Disponible en milieu d’année 2007, ce robot devrait se vendre à quelques centaines d’unités dans un premier temps, une moitié provenant de nouveaux marchés jusqu’ici inaccessibles, et une moitié venant " manger " sur les autres produits de la gamme.
Répondez au Quizz du mois
Reste le plus difficile à trouver, le quizz du mois. Chez Adept, la politique maison veut que chaque robot prenne le nom d’un serpent, pour l’instant Pyton est réservé aux axes linéaires, Cobra aux Scara, Viper aux sphériques… alors pour le parallèle quel sera le nom choisi ? Cherchez bien, pour l’instant le secret est total, mais la rédaction ne reculant devant aucun effort propose d’éliminer Anaconda et de privilégier Aspic ou Crotale.
Dans sa thèse du 13 novembre 2003 un autre ingénieur du Lirmm, Sébastien Krut, précisait dans sa conclusion : " Les robots développés ou simplement imaginés auront montré que s’intéresser aux structures parallèles des robots, c’est prendre conscience du formidable potentiel qu’offre la mise en parallèle de chaînes cinématiques, pourtant forts simples, pour aboutir à des mécanismes de transmission de mouvement performants.
Pour la communauté des roboticiens, l’approche qui consiste à imaginer des mécanismes à chaînes cinématiques fermées est longtemps apparue comme peu naturelle de prime abord, alors que dans la nature cette manière d’agencer actionneurs et transmission est très répandue. Ainsi, lorsque l’on regarde une jambe humaine, celle-ci est constituée d’os s’articulant autour du genou, reliés entre eux par des muscles.
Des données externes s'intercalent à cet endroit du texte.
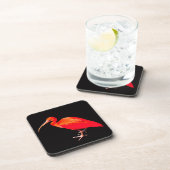 Scarlet Ibis Untersetzer (Rechte Seite)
Le parallèle avec les structures mécaniques est immédiat si l’on remplace os par segments, genou par liaisons rotules et muscles par vérins.
Il est possible de dégager d’autres similitudes du corps humain avec les mécanismes parallèles, comme par exemple, la redondance cinématique qui permet à une main de saisir un même objet mais avec une configuration pour le bras différente suivant que l’individu souhaite exercer un effort important ou engendrer un mouvement précis.
De plus si l’on relève la capacité des muscles à n’exercer des efforts que lorsqu’ils se contractent, on est frappé par la similitude avec les robots à câbles dont les efforts dans les câbles doivent se limiter à de la traction pure.
Malgré cela, dans le domaine récent qu’est la robotique humanoïde, on trouve aujourd’hui essentiellement de plates-formes de travail conservant le point de vue " historique " de la robotique de manipulation : les membres des robots s’inspirent des robots manipulateurs sériels classiques. "
Alors à quand des robots humanoïdes utilisant des mécanismes à architectures parallèles, semble-t-il conclure dans sa thèse ? A suivre, de près, voire de très près.